Xeni mentioned on BoingBoing, that Pandit Bhimsen Joshi passed away a couple days ago. He's a classical Indian vocalist. I'm fascinated by a lot of modern Indian culture (in my typically flighty, attention deficient fashion), and by the arc the nation is taking, internationally, economically, politically, this century. I've honeymooned there, and would love to go back plenty more. However, my familiarity and appreciation of Indian music is mostly relegated to the output of its various regional filmi industries. While I have a few Ravi Shankar albums, and have enjoyed some dance performances by Chitresh Das, my awareness of Indian vocal styles largely consists Asha, Lata, Kishore, and R.D. So, in the examples included in the memorial post for Pandit Joshi, it was educational for me to hear someone using his voice like Shankar uses his sitar, establishing the modality in the alap section of a raga. It was interesting, too, listening to some bhajans Pandit Joshi sings, in an extensive Youtube playlist that includes a lot of Panditji (along with Lata, and Shankar, and, oddly, videos from some Italian rock band), to hear him singing in unison with the tanpura, or harmonium, rather than in the call and response, which, it seems to me, is how the members of a classical Indian ensemble seem to go about establishing the modalities in their ragas.
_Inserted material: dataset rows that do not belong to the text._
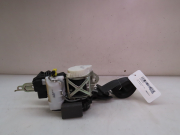 VOLET DE TRAPPE CARBURANT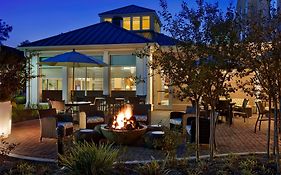 Hilton Garden Inn Woodlands Texas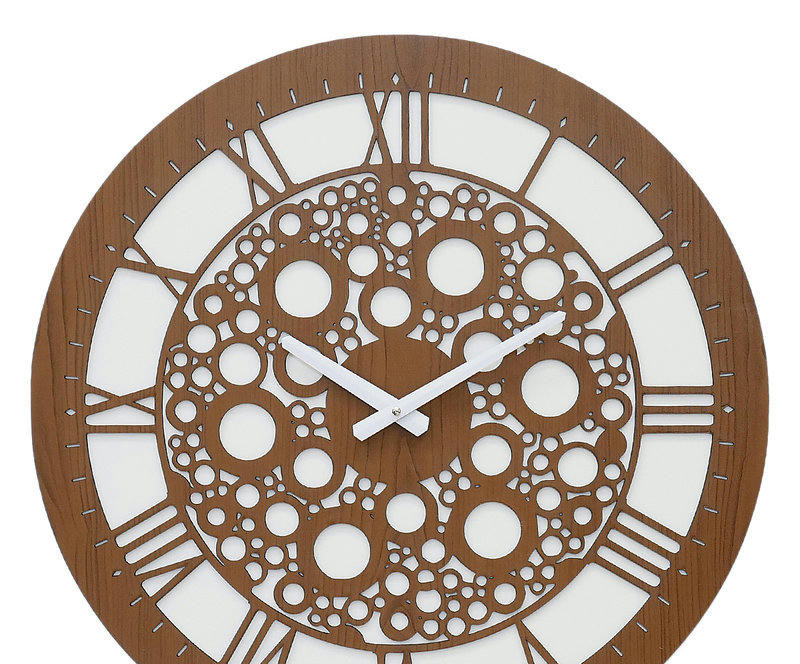 Настенные часы hr 71-2 50*50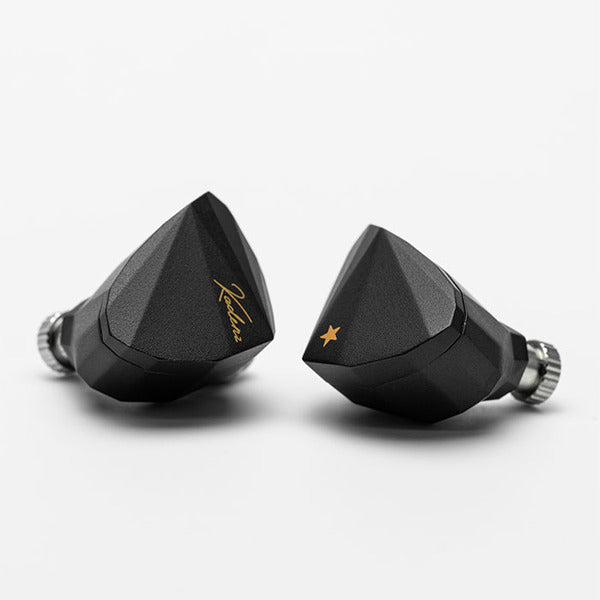 Kadenz e☆earphone x MOONDROP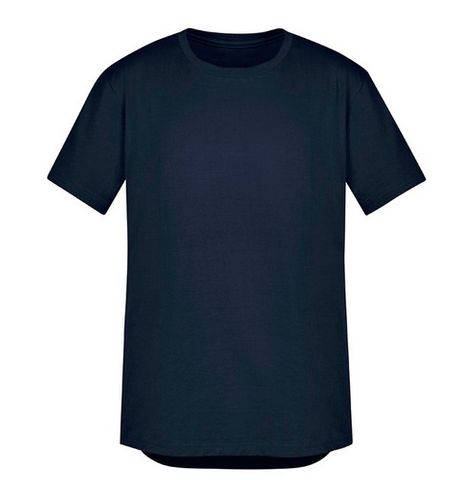 SYZMIK Mens Streetworx Tee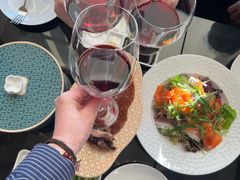 -云·酷 Atmosphere(国贸大酒店)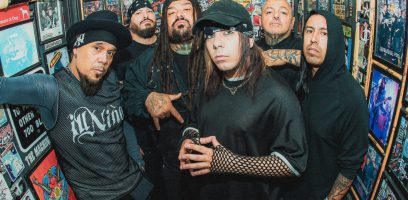 Ill Nino 0907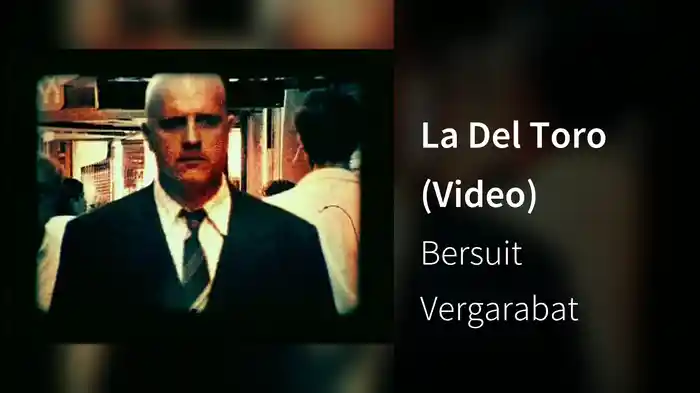 La Del Toro (Video)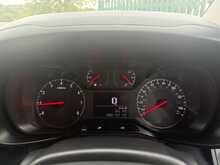 Vauxhall Combo Turbo D 2300 Edition 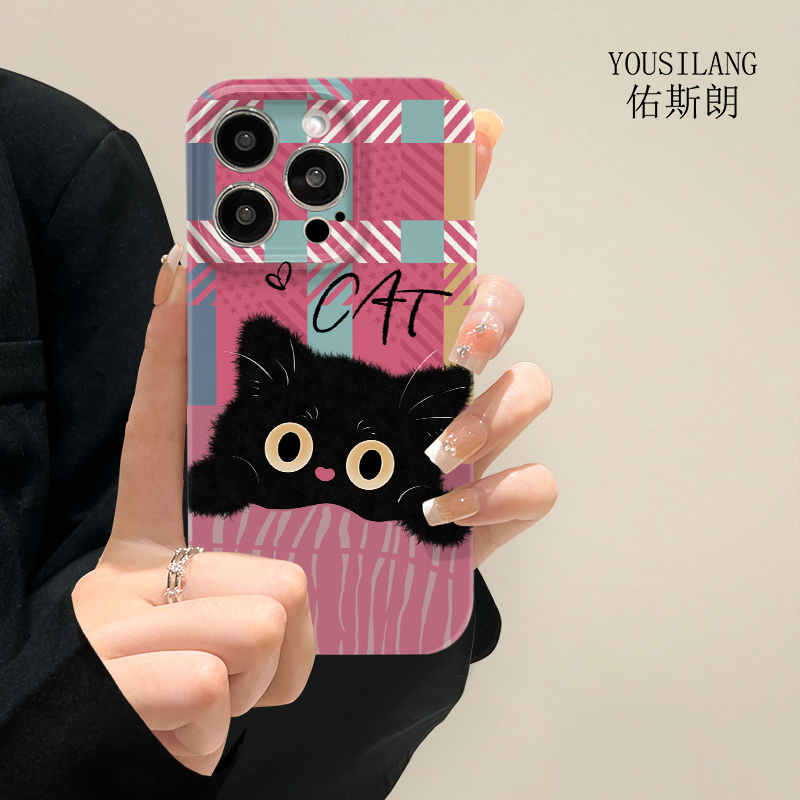 华为Mate60NN1864被窝猫菲林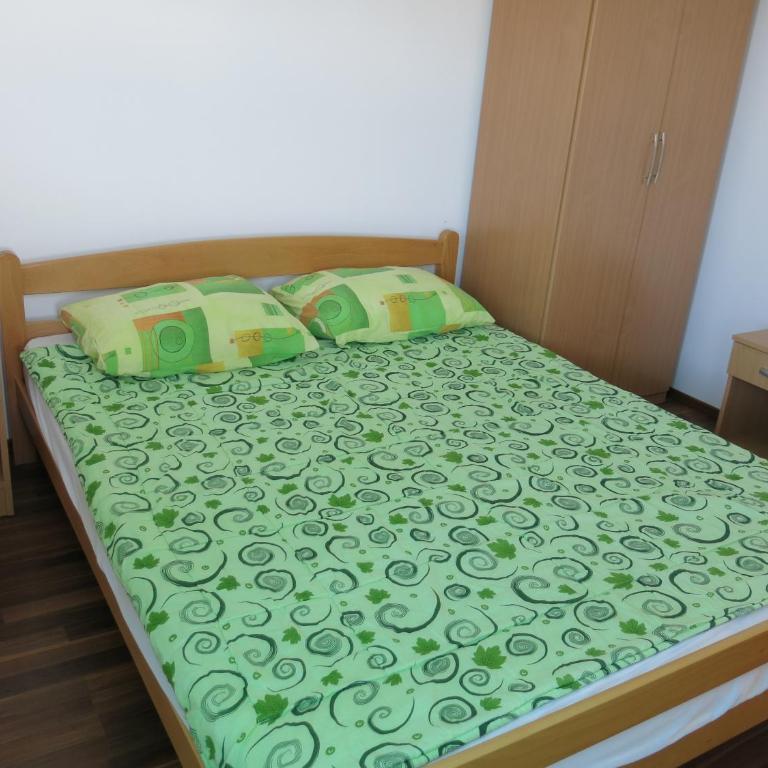 Apartments Victoriya - Apartman sa Pogledom na More - 12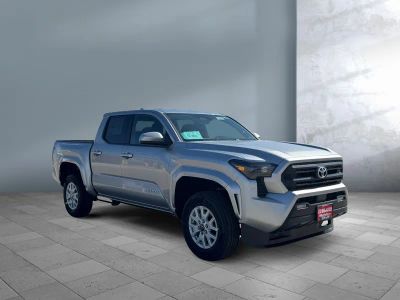 2026 Toyota Tacoma - Photo 8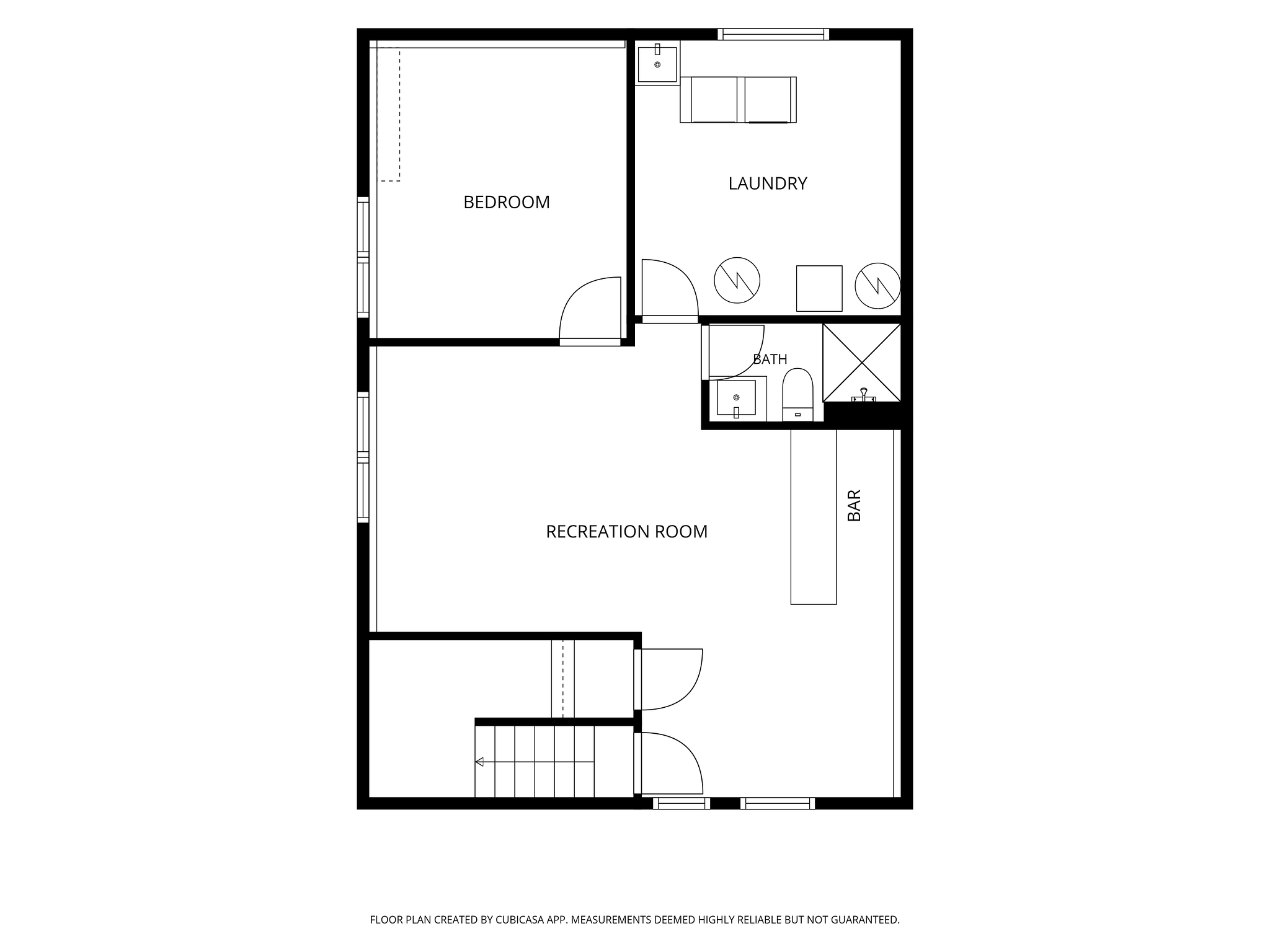 View of Residential at 9466 Irving Avenue, Brooklyn Park MN 55444, Brooklyn Park (44 of 59) - Mike Wilen | Minnesota Team Real Estate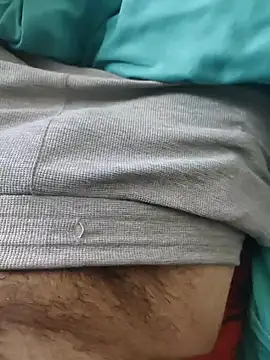 AndrewG 8551 online show from 06.22.26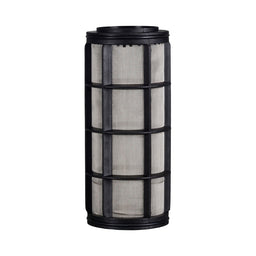 Replacement 80 Mesh Screen only (Black) for 50mm BSP Filter Body
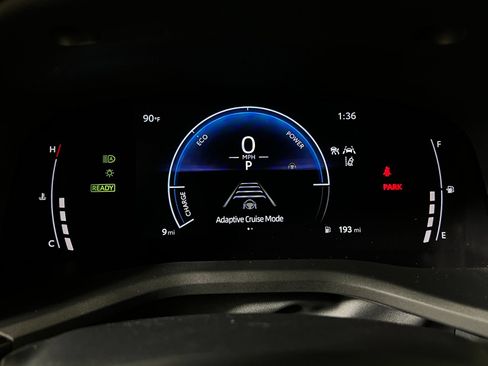 Used 2026 Toyota Camry LE w/ Convenience Package FWD image 16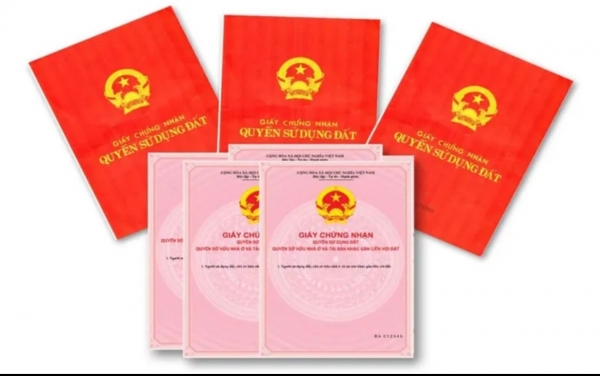 TP.HCM hướng dẫn cấp giấy chứng nhận cho nhiều loại giấy tờ nhà đất cũ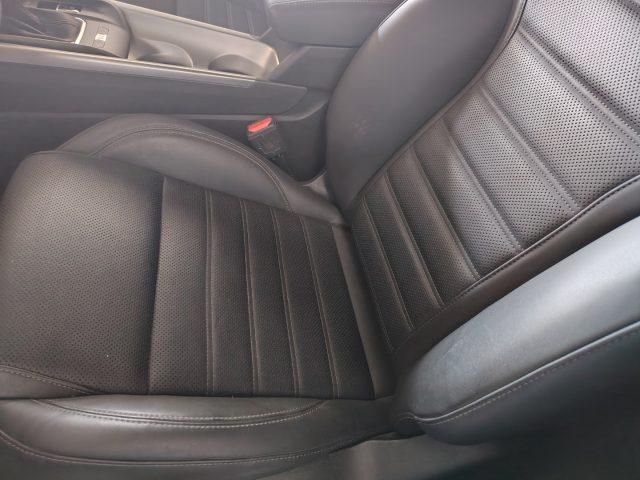 ALFA ROMEO Tonale 1.5 160 CV MHEV TCT7 Veloce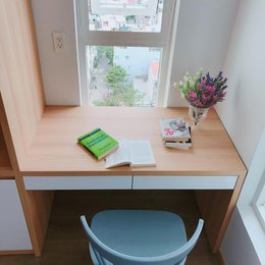 F Home Two bedrooms Apartment near to Han River 1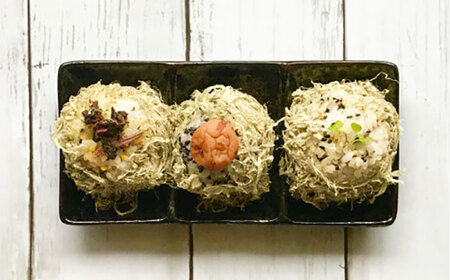 北海道産とろろ昆布「幸せとろろ」30g x 6セット / ごはん 昆布 とろろ ご飯のお供 ヘルシー / 栗東市 / アベトレーディング（元気なあさげ本舗）[BICE003]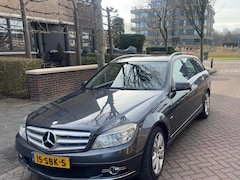Mercedes-Benz C-klasse Estate - 180 CGI BlueEFFICIENCY Business Class Avantgarde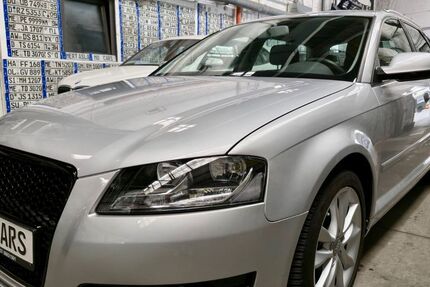 Audi A3 97.000 km 7.790 &euro; Ratingen 40878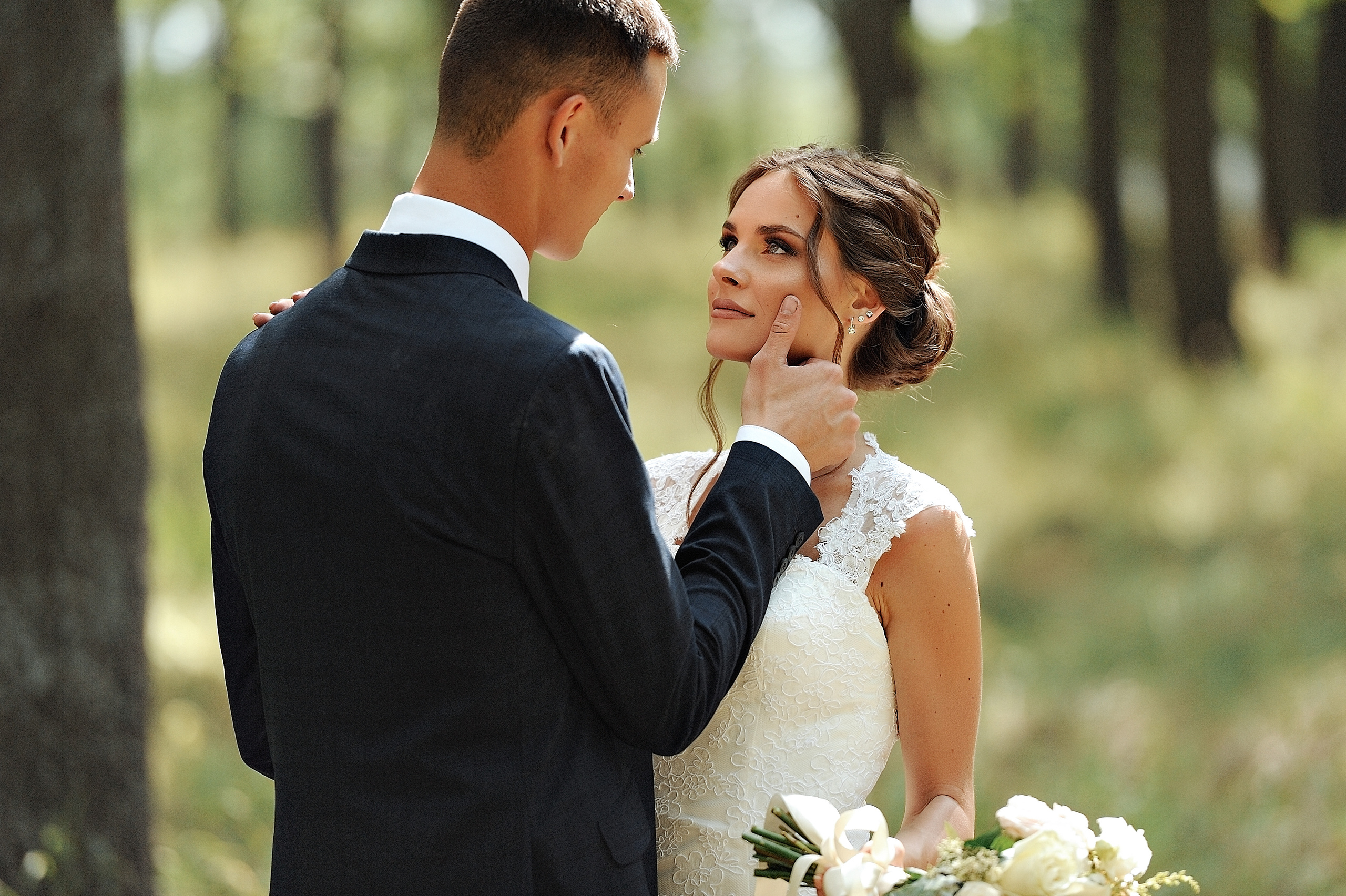 Свадьба 23 июля 2021. Свадебный и семейный фотограф в Самаре Головань Наталья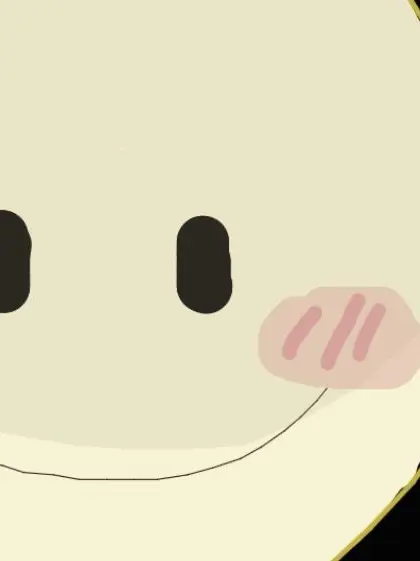 WildCity1022의 ヤンデレ人外博識AIさん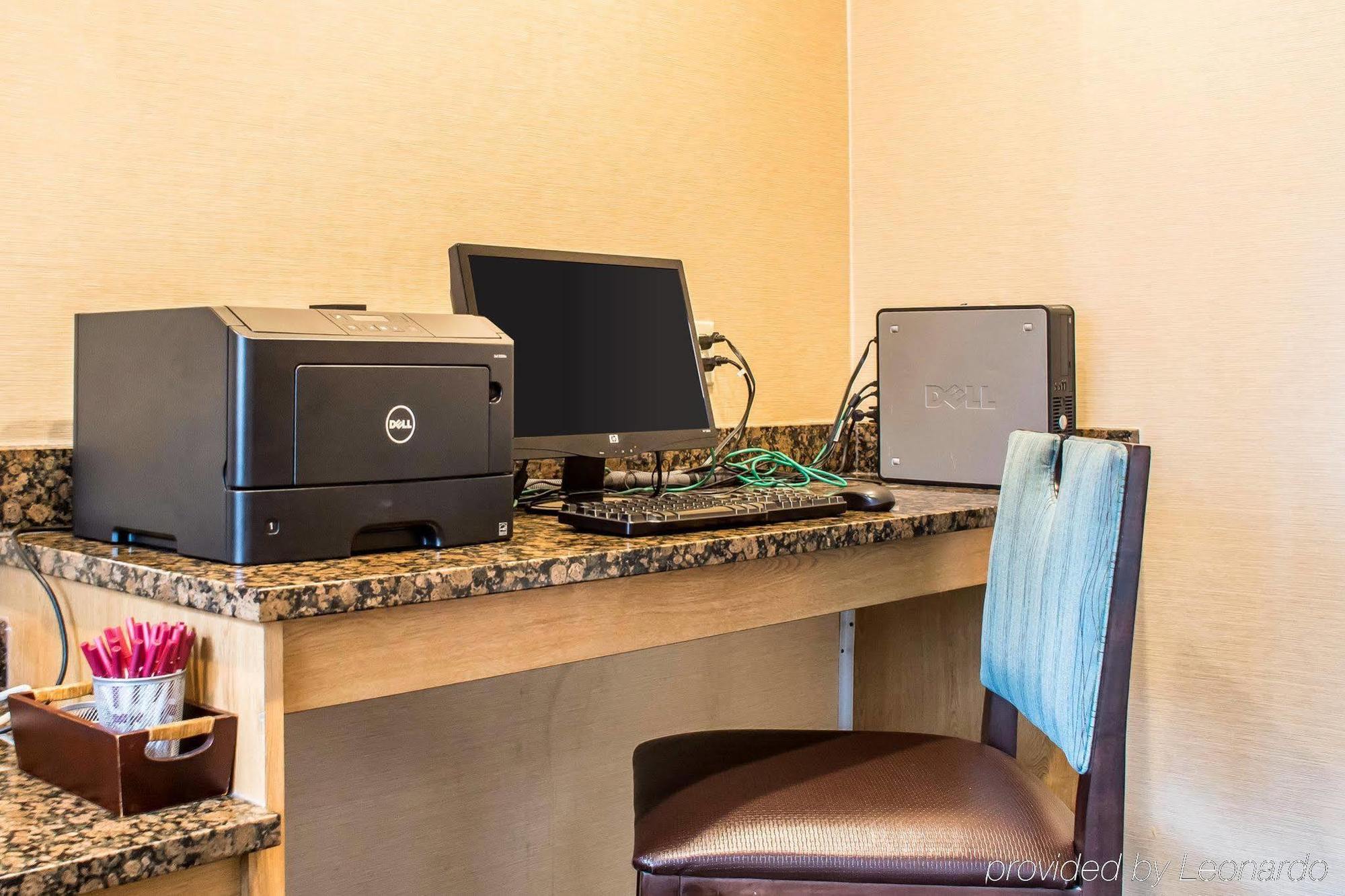 Extended Stay America Suites - Buffalo - Airport Cheektowaga Esterno foto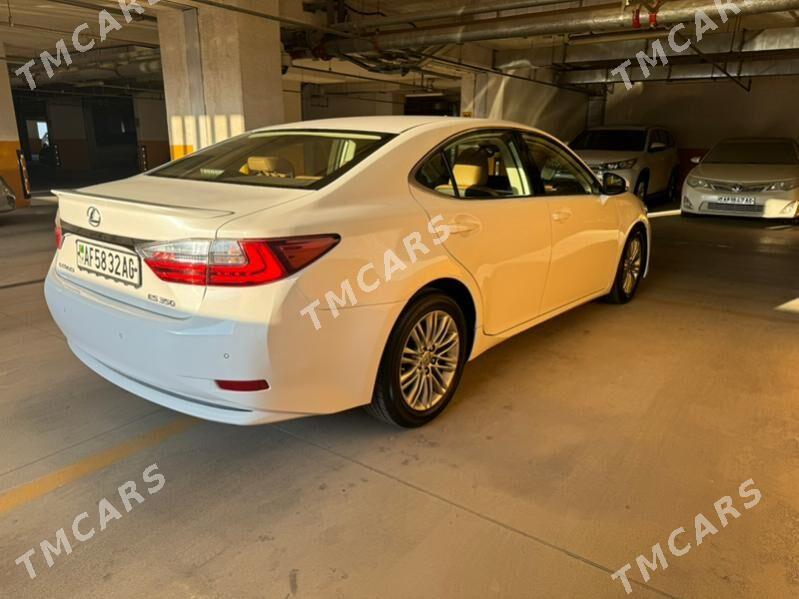 Lexus ES 350 2017 - 460 000 TMT - Мир 2 - img 2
But, honestly: I'm writing at the outer reaches of my grasp of the art form.
Last night, we started listening to the khayal Xeni embedded atop her post. A khayal apparently starts with something like an alap, and that's what most of this first 9 minutes of the khayal seemed to consist of: droning subtle variations, in which Panditji establishes the key with his accompaniment (or something like that):
Deb said to me, "It sounds like--", and I completed her sentence, "Like Bieber 800% Slower?" She said, "No, like Trololo without Autotune". I feel like I run in circles that get all that, but it may just be Deb and me (at least here, in meat space).
Bieber 800% Slower popped up, or rather blew up, on the interwebs, when someone apparently used some fancy free software to slow down a Justin Bieber hit to 1/8 of its original speed, without altering the pitch. The original song is called U Smile, and I'm not sure if I'd ever heard it before (I'll admit to being aware that there's an incredibly popular kid around, name of Bieber, and that there are a lot of lesbians with his haircut, but I don't know much more about him than that). At any rate, it's unrecognizable, in it's new form, which is full of cymbal washes and cathartic crescendoes of vocal drone. It's also some 35 minutes long. I can't find it on the web, anymore, but I put my own copy up, here. It's pretty beautiful, mellifluous stuff, suitable for meditating, in the same way you might so deem the Vilambit Khayal, above.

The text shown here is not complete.